Traffic recovers, premium economy, and American runs out of pilots

Aviation's Week in Charts - June 23, 2021

Visual Approach Analytics US Traffic Forecast Update

Our week involves working with clients to build deep insights and forecasts for the coming market. With terabytes of new data ingested each week, we are constantly performing new techniques to find the new trends, and to convey them through visualized data.  This newsletter is just a portion of what we discovered throughout the week. 

For industry observers, professionals, and those just curious, we offer the following insights free of charge.

Traffic continues to improve… slowly

Visual Approach Analytics US Traffic Forecast Update

Revisiting our original 2021 forecast from October, the U.S. air traffic rebound has exceeded even our expectations. Our decision tree modeling was used to determine the proceeding 14 months at a time when the pandemic was barely six months old. Still underestimating the actual recovery, the consensus drawn from this forecast has proven to be the closest approximation published.
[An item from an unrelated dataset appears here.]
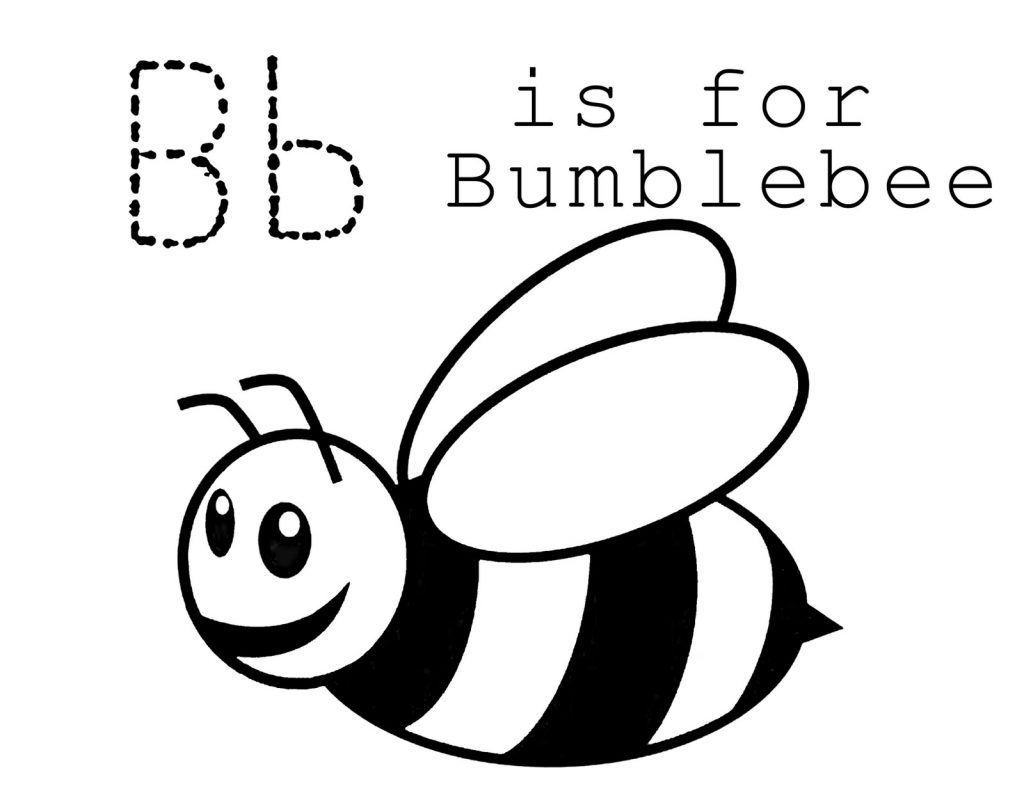Trang tô màu Bb Bumblebee cho trẻ em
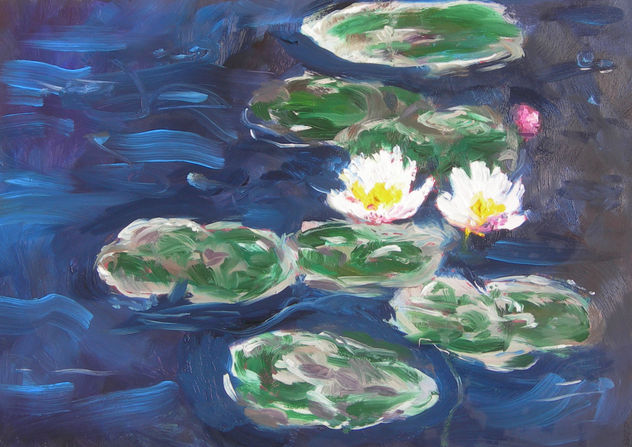 Claude Monet - Nenúfares.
In October 2020, the first signs of the second wave of the coronavirus to hit the U.S. were just starting to arrive. This stalling of growth was expected and reflected in the forecast, however, the end of the wave was also considered. The decision tree process forced our forecasters to see beyond the current pessimism of the day, the first significant back-slide experienced during the epidemic.

Even then, the negative effects of the second wave were over-estimated while the continual upward pull of GDP, holiday travel, and ultimately the vaccine worked to accelerate the return.

Unfortunately, international travel restrictions continue to suppress travel in other countries, namely Canada which saw barely 13% of it’s 2019 levels as of last weekend. While frustration with the delayed repeal of travel restrictions mounts, so too does pent-up demand. Given the opportunity to fly, air passengers have found ample reason to be somewhere else – anywhere else – than where they’ve spent the past year.

Once governments deem it is safe to begin traveling again, we expect a rapid return to… well… leaving.


Premium economy – the new/old business class

Class of service breakdown in United States

A surprise to nobody, the mix of passengers in 2021 has moved decidedly in favor of the discounted economy fares.  Yet, within the tiny slices of the doughnut chart, an interesting new trend is emerging.

Premium economy bookings are holding strong, and returning faster than their more traditional counterparts of first-class and business class.  Of course, the line between first and business has been blurring for decades, rarely both finding themselves available on the same aircraft.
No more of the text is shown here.